Jinwoo Je

Please note: Specific program names, internal tool references, and other potentially sensitive details mentioned in the original project document have been generalized or masked in this summary for confidentiality.

Context and Business Problem

Effective forecasting is crucial for optimizing logistics networks. The S&OP team is responsible for generating the total attainable volume forecast, a key input for short-to-mid-term planning horizons. This forecast, produced weekly for a multi-week outlook, traditionally utilized the standard planning methodology. This methodology employs a top-down approach, breaking down network-level inputs into station-level forecasts using metrics regional demand share, attainment, typically relying on simple multi-week averaging models.

However, the standard logic required adaptation to meet specific business needs, such as aligning with package-level, carrier-share-aware asks from transportation partners rather than just fulfillment center ship plans. The existing system lacked an intrinsic mechanism to account for carrier share dynamics. Furthermore, the basic averaging models for key metrics like volume share and Attainment were identified as areas for improvement to boost station-level forecast accuracy. While an enhanced volume share model was developed, a more sophisticated solution was needed for attainment forecasting.

Attainment, in this context, represents the percentage of volume a 1P carrier wins relative to the total demand directed towards its jurisdiction, considering factors like capacity constraints. Station-level attainment varies significantly due to capacity, network connections, delivery speed promises, and critically, cost considerations managed by transportation procurement partners. Transportation procurement actively manage carrier allocation (e.g., between the internal network and third-party carriers) to optimize for speed, cost, and service. Levers such as cost offsets are used to influence volume allocation to maintain healthy balance. These adjustments impact both overall network volume performance as well as station-level attainment. Since the primary guidance signal is aggregated at the network level, the station-specific impact manifests in the attainment percentage. Stations react differently to these levers based on their unique topology, geographic service areas, and third-party carrier presence. This complex interplay highlighted the need for an advanced attainment forecast model capable of incorporating these dynamic factors.

The Custom Attainment Forecast Model

To address the limitations of existing methods, the custom attainment forecast model was developed. The primary goal was to create a more sophisticated, feature-rich model capable of understanding and predicting the impact of factors like cost offsets on station-level attainment. Unlike the standard univariate time-series models, this new model needed to ingest 'known covariates' – specifically, historical and planned cost offset data provided by transportation partners.

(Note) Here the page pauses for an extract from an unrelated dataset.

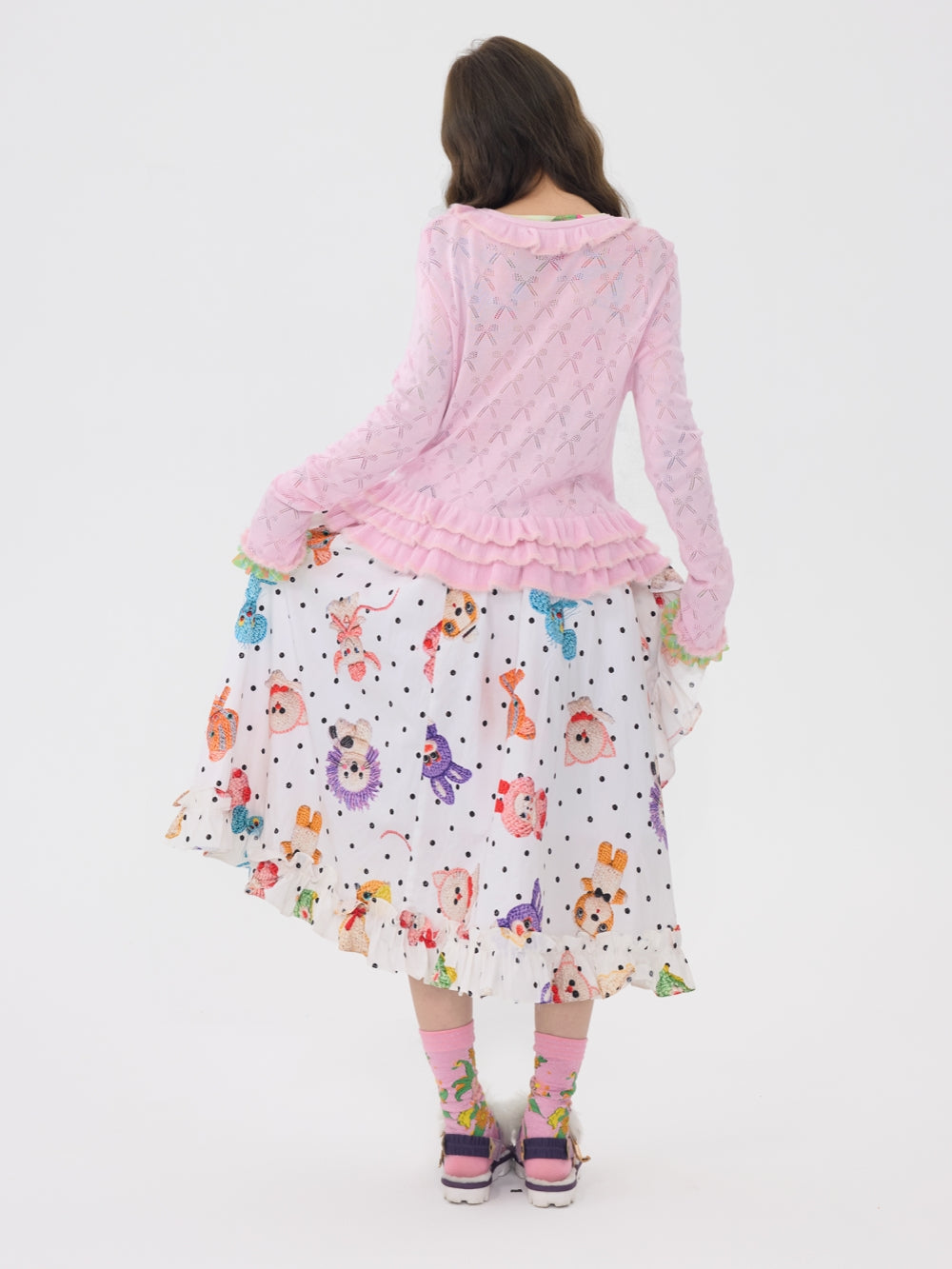 Cute Pink Ruffle Hem Knit Cardigan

Several modeling approaches were considered, including regression and tree-based methods. Ultimately, an automated machine learning (AutoML) library was selected due to its strong performance, scalability, relatively quick development time, user-friendly API, and available support. This choice allowed the team to leverage a powerful open-source library, focusing efforts on feature engineering and data quality rather than building complex models from scratch, leading to better performance gains.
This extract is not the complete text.